— EXERCISE DETAILS —
Using the records that follow, reproduce exactly the lines starting at the line containing "PRETUVAL Grippe und" and ending at the line containing "Шкарпетка-коректор для великого". Include both end lines and no pictures.

— ENTRIES SUPPLIED —

·····

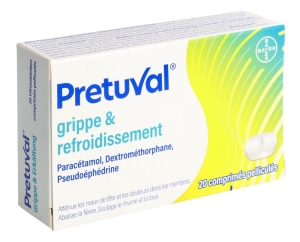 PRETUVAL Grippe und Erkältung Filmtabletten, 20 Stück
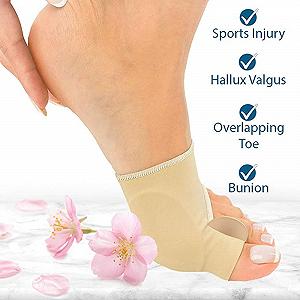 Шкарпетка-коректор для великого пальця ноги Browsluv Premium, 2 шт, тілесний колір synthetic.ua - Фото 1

·····

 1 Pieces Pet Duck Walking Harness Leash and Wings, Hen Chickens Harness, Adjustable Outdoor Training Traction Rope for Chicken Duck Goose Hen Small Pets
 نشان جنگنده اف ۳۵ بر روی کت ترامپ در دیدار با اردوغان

·····

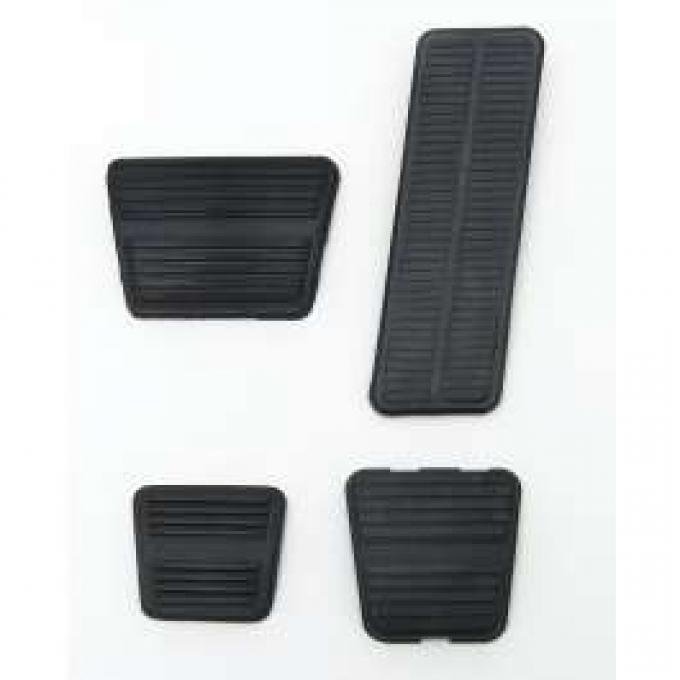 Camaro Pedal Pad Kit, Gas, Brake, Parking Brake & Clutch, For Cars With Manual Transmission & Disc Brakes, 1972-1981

·····

— WRITTEN RESPONSE —
 PRETUVAL Grippe und Erkältung Filmtabletten, 20 Stück
 Шкарпетка-коректор для великого пальця ноги Browsluv Premium, 2 шт, тілесний колір synthetic.ua - Фото 1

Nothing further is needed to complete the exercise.